THE DEFICIENCIES of Carpenter's films are easy to identify: too many of his scare effects start in the stomach rather than in the brain; his characters and the actors who play them have their purpose chiefly as puppets to be twitched along as the stories demand; he exhibits little knowledge of how people really talk and think, and the whole premise and intent behind each of his movies is as simple-minded and morally undernourished as the genres require. You would hope for a great deal more from his best movies--the best, even, of this limited, specialized kind--than Carpenter may be capable of, but Halloween and Assault on Precinct 13 are such neat packages of self-acknowledged hokum that it is difficult to resent or condescend to them. Compared to the slackness and swaggering middlebrow pretension of recent thrillers like The Invasion of the Body Snatchers or The Last wave, they are remarkable for their stringent suspensefulness, their fundamental lack of conceit, the inventiveness of numerous details and situations, and a sharp, reverberant visceral twang.

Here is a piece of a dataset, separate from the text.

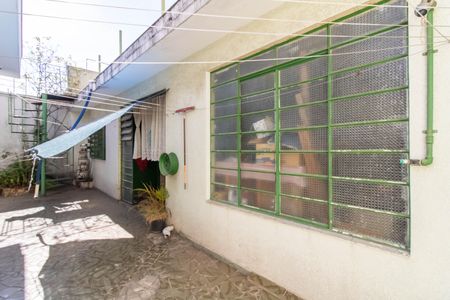 Casa para alugar com 250m², 3 quartos e 3 vagas Casa para alugar com 250m², 3 quartos e 3 vagasArea Externa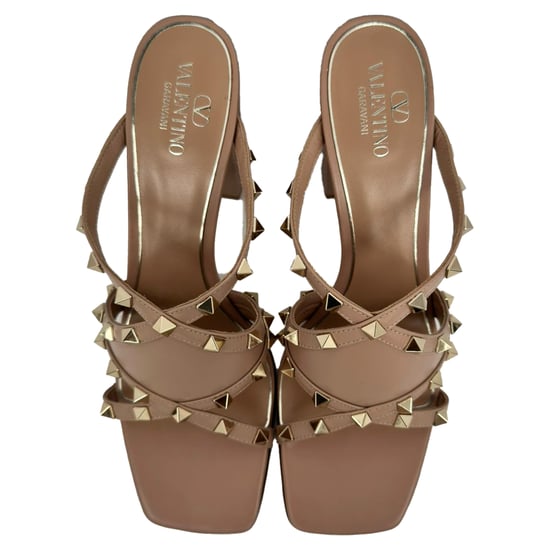 Valentino Garavani Rockstud Absatzmules aus beigem Leder - Image 4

Carpenter's name, critics have been quick to point out, provides the best definition for his particular kind of talent: he is a first-rate carpenter, a makers of suspense shockers, scare pictures a good hack working an old saw. The wood may be warped and a little green, but he is not going very deeply against the grain. Whether he might rank among the architects of the traditions he so admires is an open question. Whether he can resist the beveling and varnish a big budget often imposes remains to be seen.